[INFORMATION SUPPLIED]

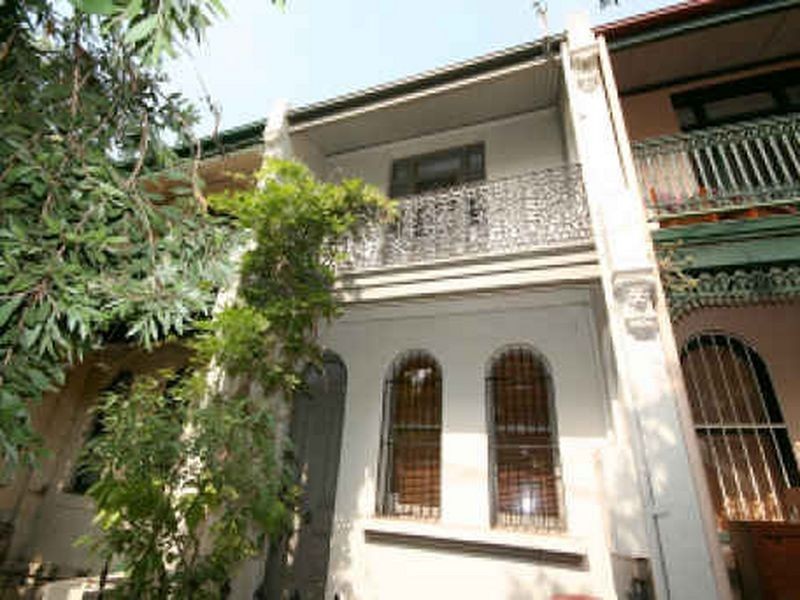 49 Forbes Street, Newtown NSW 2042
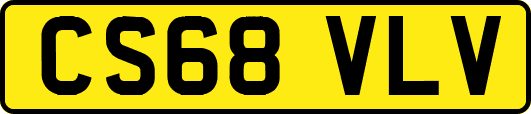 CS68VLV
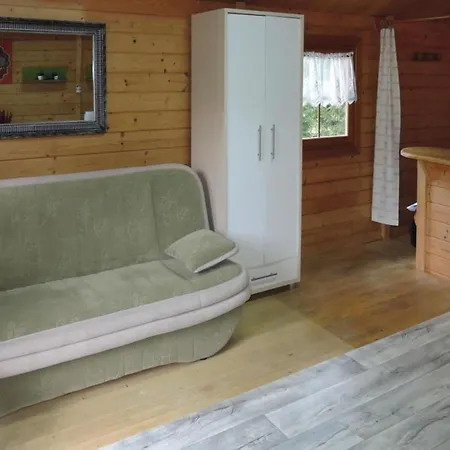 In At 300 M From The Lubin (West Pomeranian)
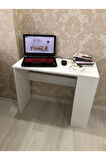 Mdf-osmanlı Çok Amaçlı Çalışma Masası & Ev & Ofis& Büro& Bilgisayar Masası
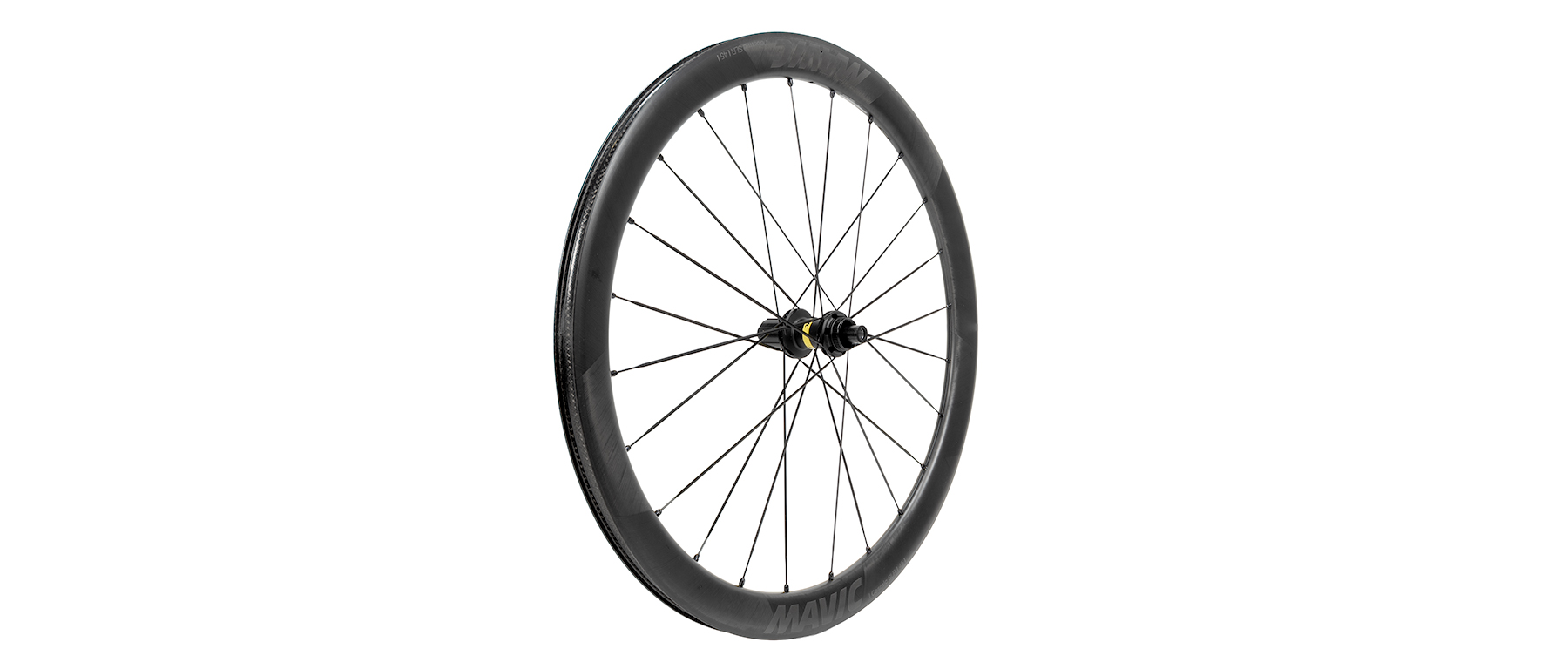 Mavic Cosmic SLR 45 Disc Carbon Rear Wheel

[/INFORMATION SUPPLIED]

Only the lines from the one containing "In At 300 M From The Lubin (West Pomeranian)" through the last line of the material should be returned, exactly and without pictures.

EXERCISE SOLUTION:
 In At 300 M From The Lubin (West Pomeranian)
 Mdf-osmanlı Çok Amaçlı Çalışma Masası & Ev & Ofis& Büro& Bilgisayar Masası
 Mavic Cosmic SLR 45 Disc Carbon Rear Wheel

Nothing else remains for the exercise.